:: Source data ::

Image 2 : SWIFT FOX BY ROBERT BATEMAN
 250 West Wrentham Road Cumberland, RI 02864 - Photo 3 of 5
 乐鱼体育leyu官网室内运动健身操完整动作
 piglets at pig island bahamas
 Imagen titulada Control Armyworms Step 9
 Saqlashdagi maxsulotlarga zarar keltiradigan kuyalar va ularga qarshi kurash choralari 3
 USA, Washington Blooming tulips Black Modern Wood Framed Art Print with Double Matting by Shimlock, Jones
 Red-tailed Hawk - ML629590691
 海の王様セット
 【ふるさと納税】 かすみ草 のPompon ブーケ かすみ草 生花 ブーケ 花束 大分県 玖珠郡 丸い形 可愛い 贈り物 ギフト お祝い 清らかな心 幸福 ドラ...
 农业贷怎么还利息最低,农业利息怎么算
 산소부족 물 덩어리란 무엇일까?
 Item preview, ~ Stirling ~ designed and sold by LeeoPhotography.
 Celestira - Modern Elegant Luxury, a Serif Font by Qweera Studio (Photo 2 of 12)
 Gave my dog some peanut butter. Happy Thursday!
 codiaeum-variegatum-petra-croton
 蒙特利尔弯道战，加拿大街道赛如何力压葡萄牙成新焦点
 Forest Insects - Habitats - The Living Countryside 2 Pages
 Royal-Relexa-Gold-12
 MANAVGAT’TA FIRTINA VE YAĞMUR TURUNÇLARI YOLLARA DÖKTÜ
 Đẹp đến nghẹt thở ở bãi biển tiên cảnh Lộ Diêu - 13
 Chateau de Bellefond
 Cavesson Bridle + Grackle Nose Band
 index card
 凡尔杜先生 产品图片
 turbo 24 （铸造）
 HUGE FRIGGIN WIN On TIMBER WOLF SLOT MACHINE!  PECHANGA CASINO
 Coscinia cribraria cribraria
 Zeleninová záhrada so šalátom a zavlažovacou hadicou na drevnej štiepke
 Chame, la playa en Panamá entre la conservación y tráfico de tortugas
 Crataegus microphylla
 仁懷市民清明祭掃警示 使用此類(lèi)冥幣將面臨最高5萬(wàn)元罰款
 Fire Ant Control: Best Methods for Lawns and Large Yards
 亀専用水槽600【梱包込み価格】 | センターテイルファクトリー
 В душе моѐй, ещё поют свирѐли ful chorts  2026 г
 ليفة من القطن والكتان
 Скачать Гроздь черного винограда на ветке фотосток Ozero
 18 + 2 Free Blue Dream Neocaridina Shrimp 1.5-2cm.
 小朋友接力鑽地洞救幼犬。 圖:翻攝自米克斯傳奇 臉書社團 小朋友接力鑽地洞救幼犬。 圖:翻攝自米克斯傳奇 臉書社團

:::

*Description of the task*: Starting with the first line of the records, repeat every line up to and including the one containing "Imagen titulada Control Armyworms Step 9", and nothing else.

*Response area*:
Image 2 : SWIFT FOX BY ROBERT BATEMAN
 250 West Wrentham Road Cumberland, RI 02864 - Photo 3 of 5
 乐鱼体育leyu官网室内运动健身操完整动作
 piglets at pig island bahamas
 Imagen titulada Control Armyworms Step 9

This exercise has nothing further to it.